Il Coordinamento psicologi UILDM: Stefania Pedroni, Sigrid Baldanzi e Simona Tozza
Tre professioniste, tre compagne di viaggio, tre amiche tengono le fila del Gruppo.

Stefania Pedroni 
Il mio primo approccio con la malattia è stato intorno ai dieci anni, quando mi è stata diagnosticata la distrofia dei cingoli. Il suo lento decorso è iniziato dopo l’anestesia totale dell’intervento di appendicectomia. I miei genitori per anni mi hanno fatto credere che la debolezza fosse legata all'anestesia, non avendo il coraggio di comunicarmi la verità. Questa difficoltà ha ostacolato il processo di “accettazione” della malattia, portando anche a vissuti di vergogna in adolescenza. È stato grazie a un percorso di psicoterapia che pian piano il blocco si è sciolto e ho potuto fare emergere le risorse con cui ho costruito il mio percorso di vita. Quanto ho imparato dalla mia storia mi ha portato a proporre il Gruppo psicologi UILDM, per aiutare le famiglie ad affrontare con coraggio questa difficile sfida.

Sigrid Baldanzi
Ciò che mi connota sono l’altruismo e la volontà di dimostrare oggettivamente i bisogni delle persone e di promuovere una società basata su valori come la fratellanza e l’idea che ognuno possa fare qualcosa di grande per l’altro. Il mio primo approccio alle malattie neuromuscolari risale al 2011, durante un progetto di dottorato sugli aspetti psicologici nella distrofia miotonica di Steinert. Non è stato facile occuparmi di un tema così diverso ma sono arrivati il supporto economico di AFM (Association Française contre les Myopathies), l’incoraggiamento dei pazienti e un pizzico di fortuna. Ancora oggi, come scrissi nella tesi, credo che il ricercatore abbia anche il nobile dovere di supportare il paziente e la persona, con la migliore delle professionalità, al di là di ogni altro obiettivo.

Simona Tozza
Nel 2004, un mese dopo aver conseguito la laurea in psicologia, mi sono “catapultata” come tirocinante nel Centro Gaetano Torre per le malattie muscolari, per cui da nove anni lavoro come consulente in équipe multidisciplinare.
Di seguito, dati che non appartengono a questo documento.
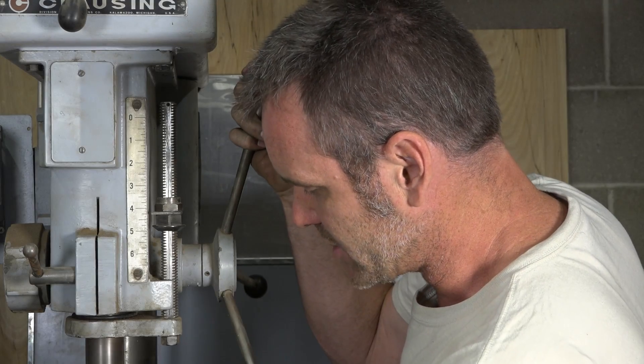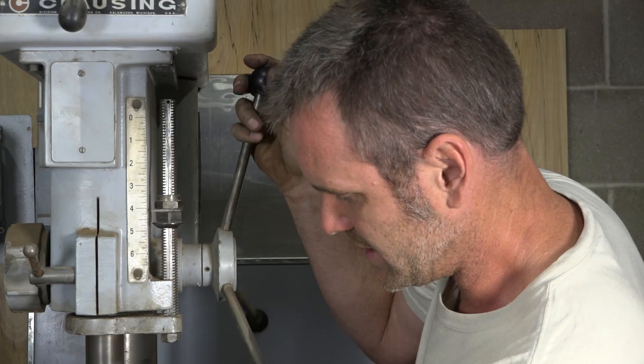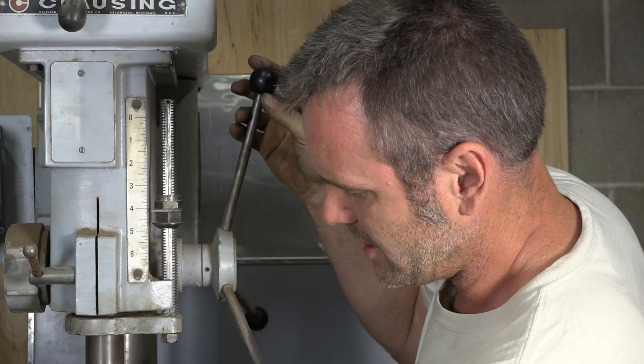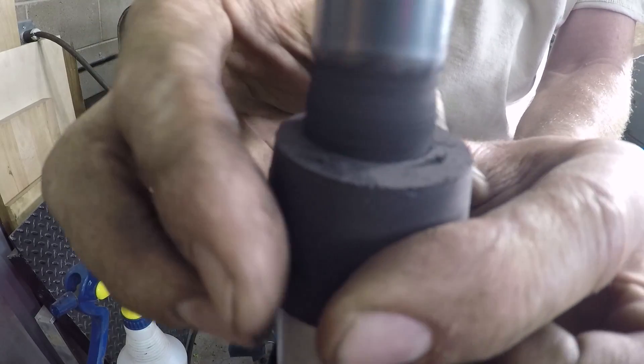Then you can cut it. Keep cutting down until you feel it break loose. There we go — you can see the middle pull out. You can shut the whole thing down.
Attraverso il Centro ho conosciuto UILDM Napoli e ne sono entrata subito a far parte attivamente, facendo di essa la mia seconda famiglia, con cui sono cresciuta professionalmente e mi sono soprattutto arricchita interiormente, riuscendo a vedere la vita da un’altra prospettiva. Oggi il viaggio continua con questa bella avventura chiamata Coordinamento psicologi UILDM, con due nuove amiche e grandi professioniste: con loro inizia un nuovo percorso per dare identità e voce agli psicologi che lavorano in questo ambito e che non vengono riconosciuti come una grande “risorsa”.